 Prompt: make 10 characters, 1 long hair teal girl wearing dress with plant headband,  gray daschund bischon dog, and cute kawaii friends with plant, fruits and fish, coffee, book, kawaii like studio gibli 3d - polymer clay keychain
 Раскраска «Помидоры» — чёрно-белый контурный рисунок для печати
...
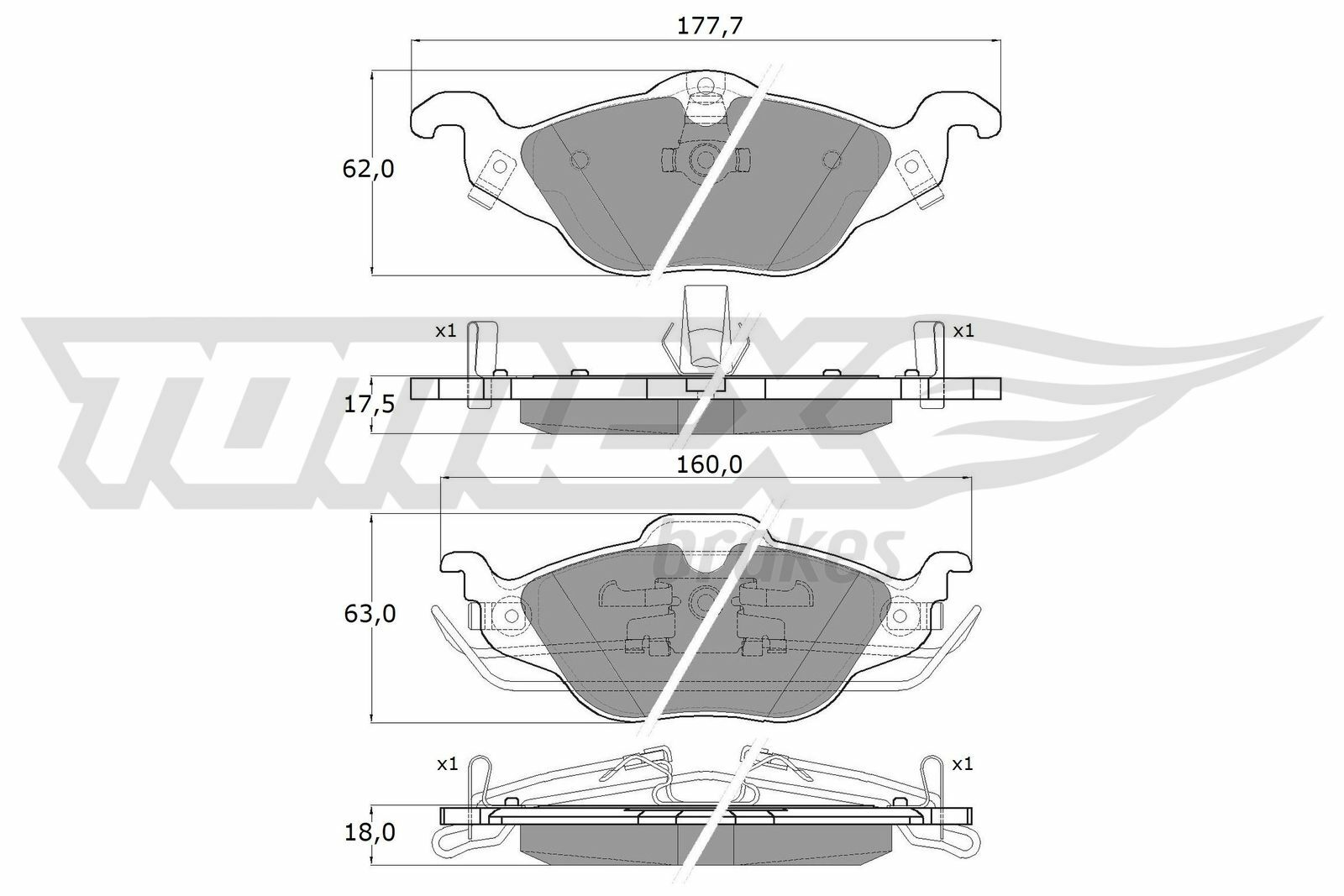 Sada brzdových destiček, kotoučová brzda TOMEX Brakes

Work task.
A word-for-word copy of the lines above from the one with "Prompt: make 10" through the one with "рисунок для печати", inclusive, is the only output wanted.

Solution to this task.
 Prompt: make 10 characters, 1 long hair teal girl wearing dress with plant headband,  gray daschund bischon dog, and cute kawaii friends with plant, fruits and fish, coffee, book, kawaii like studio gibli 3d - polymer clay keychain
 Раскраска «Помидоры» — чёрно-белый контурный рисунок для печати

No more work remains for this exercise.